GauGAN is simple technology on the surface. The user draws a segmentation map, then manipulates the scene, labeling segments of the image with words like ‘sky’ or ‘snow.’ The AI is trained with millions of images and is able to then fill in the elements the user has labeled in a hyperrealistic form. If the user changes the label say from ‘snow’ to ‘sea’ the entire image will transform. “It’s like a coloring book picture that describes where a tree is, where the sun is, where the sky is,” Catanzaro said. “And then the neural network is able to fill in all of the detail and texture, and the reflections, shadows and colors, based on what it has learned about real images.”
While this AI lacks a full understanding of the physical world, the GANS still produce life-like results thanks to a two-part system – the generator and the discriminator. The generator first creates the image and then passes it to the discriminator, who has been trained on real images. The discriminator then coaches the generator on how to create a more realistic image, pixel-by-pixel. For example, the discriminator has been trained to know that ponds have reflections and will pass along these detailed instructions along to the generator for a more hyperrealistic result.
In addition to the initial transformation, the human creator also has some creative agency in post-production. The app allows them to add style filters to fit the painter, or even change the photo from daytime to sunset. “This technology is not just stitching together pieces of other images, or cutting and pasting textures,” Catanzaro said. “It’s actually synthesizing new images, very similar to how an artist would draw something.”
While GauGan focuses namely on breathtaking nature landscapes and details such as grassy lands, blue seas and sky that is not all this app is capable of creating.

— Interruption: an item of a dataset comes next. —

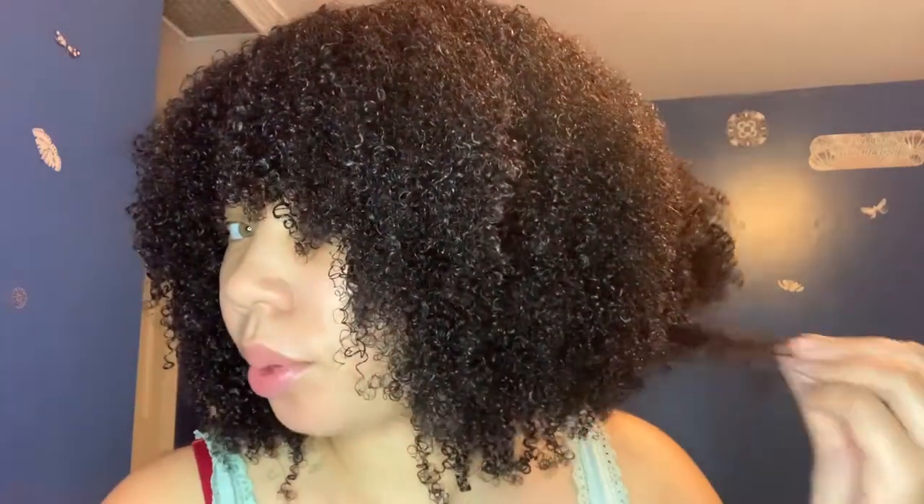So I just wet the whole head, section by section, and put product in it. This side is more dry than this side, so I will come back when it is all the way dry.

The technology has a neutral network as well, that has the capability of filling in non-natural features such as buildings, roads, and even people.
In June, the research paper behind GauGAN was accepted as an oral presentation at CVPR (Conference on Computer Vision and Pattern Recognition conference), “a premier annual computer vision event.” The distinct honor is only handed out to only 5 percent of over 5,000 submissions.